Imagine asking 1992's most optimistic union leader their wildest dreams for
a decade's time. I would guess their list would include full employment, a
steady growth in living standards, a big boost to public spending on public
services, a national minimum wage, legal rights to union recognition and
signing up to social Europe. Many wise old heads would have deemed such a
list nothing short of fanciful.
Yet while we may be short of achieving full employment in every part of the
country, the rest of that list has all been achieved. And not even the
starriest-eyed in 1992 would have predicted that we would be on the brink of
giving every employee in medium and large companies rights to be
collectively consulted about major business strategy, as we will when the
European directive is introduced into UK law. Nor that everyone at work
would have the right to be accompanied by a union officer when they have a
grievance or face a disciplinary charge.
So if everything is so good, why is it so bad? Unions have got into some bad
habits, which we must try and break. We are too ready to pocket our gains,
downplaying them in the hope that this will make it more likely that we will
win more. And more certainly needs to be done to protect people from
exploitation, discrimination, low pay, poverty, job insecurity and long
hours.
But ignoring how much we have achieved is now bad tactics. It is just as
likely to trigger a reaction that goes "however much unions win, the
government is never given political credit - so why do more?" Pretending
that we never win anything is also rotten marketing. Why should new members
be attracted to a movement that brands itself a failure? And sometimes the
louder people shout, the less others are prepared to listen.
But government is not blame-free either. Of course, Labour needed a new, and
much broader, coalition after its 1980s disasters. It rightly wanted a new
relationship with business, and needed to reach out to voters who had never
voted Labour. Over-identification with unions was seen as part of the
problem. But while what needed changing was clear, what should replace it is
not so obvious. I do not think for one moment that party leaders now think
that a Labour government can succeed without a union base as part of its
coalition. But whether they have a positive and clear view of the union role
is less clear.
Unions are too often seen as a problem of political management. Hence the
periodic calls for more people able to "speak union" to be appointed to
government. This is not the point. There is no great mystery about union
concerns, or some special union language to be learned or deals to be fixed.
What is needed is action on real workplace concerns. Private sector
involvement in public services would be less corrosive if the government
made clear, as in Scotland, that it will never be driven by contractors
cutting the conditions of often low-paid public service staff. We have been
promised action on this for some time, but progress has been glacial. The
two-tier workforce is already a reality, and threatens to grow.
An end to undercutting would be no threat to the New Labour project.
Protecting low-paid workers would not lose votes; indeed, it would help keep
them. Responsible business would welcome a level playing field.

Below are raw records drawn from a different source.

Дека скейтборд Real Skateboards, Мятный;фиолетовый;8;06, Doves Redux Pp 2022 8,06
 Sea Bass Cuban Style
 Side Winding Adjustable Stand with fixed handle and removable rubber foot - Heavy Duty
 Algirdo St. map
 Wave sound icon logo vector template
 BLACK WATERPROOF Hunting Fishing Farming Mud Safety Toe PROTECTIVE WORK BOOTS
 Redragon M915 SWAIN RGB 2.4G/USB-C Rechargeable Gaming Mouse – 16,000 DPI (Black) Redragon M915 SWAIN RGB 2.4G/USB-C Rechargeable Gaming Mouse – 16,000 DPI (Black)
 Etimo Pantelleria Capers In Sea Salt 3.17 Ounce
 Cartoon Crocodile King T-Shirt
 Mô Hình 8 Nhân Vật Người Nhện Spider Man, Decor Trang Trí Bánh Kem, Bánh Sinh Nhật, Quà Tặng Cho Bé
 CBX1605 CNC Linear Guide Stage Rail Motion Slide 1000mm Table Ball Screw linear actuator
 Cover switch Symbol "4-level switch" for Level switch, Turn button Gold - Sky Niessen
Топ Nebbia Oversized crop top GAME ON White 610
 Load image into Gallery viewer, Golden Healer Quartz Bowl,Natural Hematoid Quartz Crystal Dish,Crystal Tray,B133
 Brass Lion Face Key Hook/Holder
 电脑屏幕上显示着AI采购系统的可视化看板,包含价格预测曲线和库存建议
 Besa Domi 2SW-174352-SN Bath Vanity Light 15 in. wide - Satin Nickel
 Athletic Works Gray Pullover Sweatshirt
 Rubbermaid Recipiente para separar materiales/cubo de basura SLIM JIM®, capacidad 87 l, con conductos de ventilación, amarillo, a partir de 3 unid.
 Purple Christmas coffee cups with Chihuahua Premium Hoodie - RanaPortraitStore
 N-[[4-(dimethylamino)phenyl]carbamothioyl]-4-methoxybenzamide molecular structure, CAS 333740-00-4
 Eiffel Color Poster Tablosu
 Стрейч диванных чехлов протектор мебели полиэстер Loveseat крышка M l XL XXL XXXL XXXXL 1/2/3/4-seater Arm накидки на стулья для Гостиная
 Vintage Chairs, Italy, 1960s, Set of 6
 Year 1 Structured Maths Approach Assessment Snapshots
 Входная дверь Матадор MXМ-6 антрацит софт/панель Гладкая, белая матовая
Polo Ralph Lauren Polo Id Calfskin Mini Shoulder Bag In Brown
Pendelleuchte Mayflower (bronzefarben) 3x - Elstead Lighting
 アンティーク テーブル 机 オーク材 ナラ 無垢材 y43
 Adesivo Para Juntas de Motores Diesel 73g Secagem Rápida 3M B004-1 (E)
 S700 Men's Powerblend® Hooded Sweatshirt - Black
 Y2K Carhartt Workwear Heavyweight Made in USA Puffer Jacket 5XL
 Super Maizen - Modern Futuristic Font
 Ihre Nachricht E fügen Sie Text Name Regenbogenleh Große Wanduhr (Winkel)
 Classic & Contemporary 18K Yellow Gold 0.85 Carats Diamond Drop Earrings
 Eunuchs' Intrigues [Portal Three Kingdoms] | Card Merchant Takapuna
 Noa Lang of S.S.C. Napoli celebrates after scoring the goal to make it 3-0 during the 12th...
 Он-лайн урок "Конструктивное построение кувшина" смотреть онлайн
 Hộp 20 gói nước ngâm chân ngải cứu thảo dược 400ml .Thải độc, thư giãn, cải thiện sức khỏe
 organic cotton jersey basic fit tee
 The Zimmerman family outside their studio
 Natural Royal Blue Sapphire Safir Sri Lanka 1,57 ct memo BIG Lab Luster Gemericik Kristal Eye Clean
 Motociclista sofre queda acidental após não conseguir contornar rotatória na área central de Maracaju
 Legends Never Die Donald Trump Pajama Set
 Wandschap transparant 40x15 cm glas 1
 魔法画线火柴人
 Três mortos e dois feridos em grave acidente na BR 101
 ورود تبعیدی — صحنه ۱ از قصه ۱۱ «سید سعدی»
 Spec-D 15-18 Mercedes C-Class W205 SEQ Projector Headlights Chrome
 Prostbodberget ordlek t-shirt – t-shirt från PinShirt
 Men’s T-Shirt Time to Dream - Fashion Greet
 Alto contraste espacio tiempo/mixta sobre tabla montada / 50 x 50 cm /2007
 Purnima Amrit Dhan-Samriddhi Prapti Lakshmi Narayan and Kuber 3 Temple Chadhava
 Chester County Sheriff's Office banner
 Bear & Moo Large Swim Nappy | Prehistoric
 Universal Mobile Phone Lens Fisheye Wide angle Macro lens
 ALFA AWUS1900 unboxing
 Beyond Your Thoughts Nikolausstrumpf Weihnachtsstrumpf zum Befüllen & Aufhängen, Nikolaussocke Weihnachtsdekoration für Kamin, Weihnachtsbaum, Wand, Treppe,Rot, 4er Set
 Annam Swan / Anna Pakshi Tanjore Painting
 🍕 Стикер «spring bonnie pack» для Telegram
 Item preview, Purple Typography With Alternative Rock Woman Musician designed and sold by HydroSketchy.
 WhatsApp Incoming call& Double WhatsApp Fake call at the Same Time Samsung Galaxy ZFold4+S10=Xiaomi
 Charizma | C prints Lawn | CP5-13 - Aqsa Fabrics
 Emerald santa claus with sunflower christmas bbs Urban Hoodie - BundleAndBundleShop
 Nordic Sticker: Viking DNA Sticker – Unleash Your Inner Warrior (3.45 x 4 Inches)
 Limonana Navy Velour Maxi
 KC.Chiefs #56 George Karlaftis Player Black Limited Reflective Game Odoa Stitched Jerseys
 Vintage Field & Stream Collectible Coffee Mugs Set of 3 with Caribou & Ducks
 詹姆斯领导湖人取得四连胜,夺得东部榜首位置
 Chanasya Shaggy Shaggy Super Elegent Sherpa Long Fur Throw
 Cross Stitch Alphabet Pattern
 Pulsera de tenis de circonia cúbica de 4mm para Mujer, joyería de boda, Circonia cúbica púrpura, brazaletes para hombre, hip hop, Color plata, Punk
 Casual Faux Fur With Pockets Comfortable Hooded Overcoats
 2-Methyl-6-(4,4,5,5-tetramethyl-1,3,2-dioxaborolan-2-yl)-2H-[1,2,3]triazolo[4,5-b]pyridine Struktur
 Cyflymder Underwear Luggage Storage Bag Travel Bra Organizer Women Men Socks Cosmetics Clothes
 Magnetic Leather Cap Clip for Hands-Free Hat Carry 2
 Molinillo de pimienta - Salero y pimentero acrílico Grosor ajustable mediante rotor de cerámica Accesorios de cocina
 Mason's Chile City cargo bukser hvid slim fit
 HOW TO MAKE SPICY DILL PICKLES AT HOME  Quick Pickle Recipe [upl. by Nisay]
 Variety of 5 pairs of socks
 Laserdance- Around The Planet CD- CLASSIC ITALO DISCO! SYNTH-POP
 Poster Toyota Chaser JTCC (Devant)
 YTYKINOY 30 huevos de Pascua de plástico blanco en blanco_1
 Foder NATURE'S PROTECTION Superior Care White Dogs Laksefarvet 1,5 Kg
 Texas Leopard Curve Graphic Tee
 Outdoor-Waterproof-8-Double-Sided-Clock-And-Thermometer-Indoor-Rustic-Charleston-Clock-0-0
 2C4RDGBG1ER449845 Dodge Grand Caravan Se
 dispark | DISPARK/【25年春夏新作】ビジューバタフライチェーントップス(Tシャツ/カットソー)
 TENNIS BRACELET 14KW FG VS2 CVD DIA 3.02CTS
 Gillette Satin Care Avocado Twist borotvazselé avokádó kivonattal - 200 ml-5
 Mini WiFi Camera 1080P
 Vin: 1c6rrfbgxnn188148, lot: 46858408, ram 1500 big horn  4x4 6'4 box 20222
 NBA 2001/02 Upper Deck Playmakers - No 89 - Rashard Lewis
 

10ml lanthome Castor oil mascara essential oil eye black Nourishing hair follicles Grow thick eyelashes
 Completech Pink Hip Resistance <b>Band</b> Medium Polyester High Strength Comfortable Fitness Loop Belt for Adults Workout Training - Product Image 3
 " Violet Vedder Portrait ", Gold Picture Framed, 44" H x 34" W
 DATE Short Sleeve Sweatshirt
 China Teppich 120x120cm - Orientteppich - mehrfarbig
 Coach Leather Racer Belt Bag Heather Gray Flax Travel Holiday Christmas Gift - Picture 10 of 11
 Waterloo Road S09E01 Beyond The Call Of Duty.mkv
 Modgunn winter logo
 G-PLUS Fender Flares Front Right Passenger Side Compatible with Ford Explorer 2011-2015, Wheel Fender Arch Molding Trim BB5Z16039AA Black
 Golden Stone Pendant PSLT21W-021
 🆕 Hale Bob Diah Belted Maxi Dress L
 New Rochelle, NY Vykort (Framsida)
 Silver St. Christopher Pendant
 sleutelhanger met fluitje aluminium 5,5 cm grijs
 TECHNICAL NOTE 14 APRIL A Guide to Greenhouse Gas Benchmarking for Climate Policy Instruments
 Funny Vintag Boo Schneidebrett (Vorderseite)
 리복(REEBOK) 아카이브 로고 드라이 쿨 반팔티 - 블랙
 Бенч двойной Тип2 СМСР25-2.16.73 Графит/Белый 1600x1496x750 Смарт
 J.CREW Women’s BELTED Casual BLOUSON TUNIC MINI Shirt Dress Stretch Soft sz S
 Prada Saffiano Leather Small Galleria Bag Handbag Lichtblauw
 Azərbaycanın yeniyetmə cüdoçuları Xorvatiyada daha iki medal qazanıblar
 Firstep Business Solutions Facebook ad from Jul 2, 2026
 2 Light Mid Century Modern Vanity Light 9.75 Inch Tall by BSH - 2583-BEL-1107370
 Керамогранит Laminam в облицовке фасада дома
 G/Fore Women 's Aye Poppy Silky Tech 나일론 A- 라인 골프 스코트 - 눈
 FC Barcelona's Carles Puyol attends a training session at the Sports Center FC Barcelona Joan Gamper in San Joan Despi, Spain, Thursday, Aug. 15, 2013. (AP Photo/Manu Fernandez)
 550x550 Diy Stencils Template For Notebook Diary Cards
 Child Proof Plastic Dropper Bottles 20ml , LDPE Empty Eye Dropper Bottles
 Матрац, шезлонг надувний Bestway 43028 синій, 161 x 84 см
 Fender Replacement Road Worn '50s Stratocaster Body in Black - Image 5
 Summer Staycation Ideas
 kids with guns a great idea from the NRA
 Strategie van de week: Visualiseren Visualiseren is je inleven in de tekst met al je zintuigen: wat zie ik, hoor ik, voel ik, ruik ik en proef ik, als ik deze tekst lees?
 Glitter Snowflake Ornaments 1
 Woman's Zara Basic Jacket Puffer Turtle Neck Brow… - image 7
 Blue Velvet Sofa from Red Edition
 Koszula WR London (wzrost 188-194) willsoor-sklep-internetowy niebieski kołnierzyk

Strong support for manufacturing, a renewed vision for fairness at work
centred on new information and consultation rights, and a drive to deliver
partnership in managing change in public services would all begin to ease
some of the tensions between us. A resolution of the fire dispute is badly
needed, too.
In turn, unions should perhaps be a little less focused on the government.
This has never been our only road to advance. We should be just as ambitious
with collective bargaining and working with employers. Indeed, there is a
limit to what the law can do in many areas of workplace concern. Yes, we
need to end the opt-out that allows only employees in the UK to work more
than 48 hours a week on average, but winning that will not banish stress,
overwork or incompetent management from the workplace.
Our influence at the top policy-making tables needs to be strengthened by
making trade unionism grow. Union membership has stopped falling, but we
have not yet overcome the structural trends that are against us outside the
public sector. We need to organise not just the exploited, but also to
develop new forms of unionism that reach out to employees in the growing
parts of the economy. The case for unions is as strong as ever.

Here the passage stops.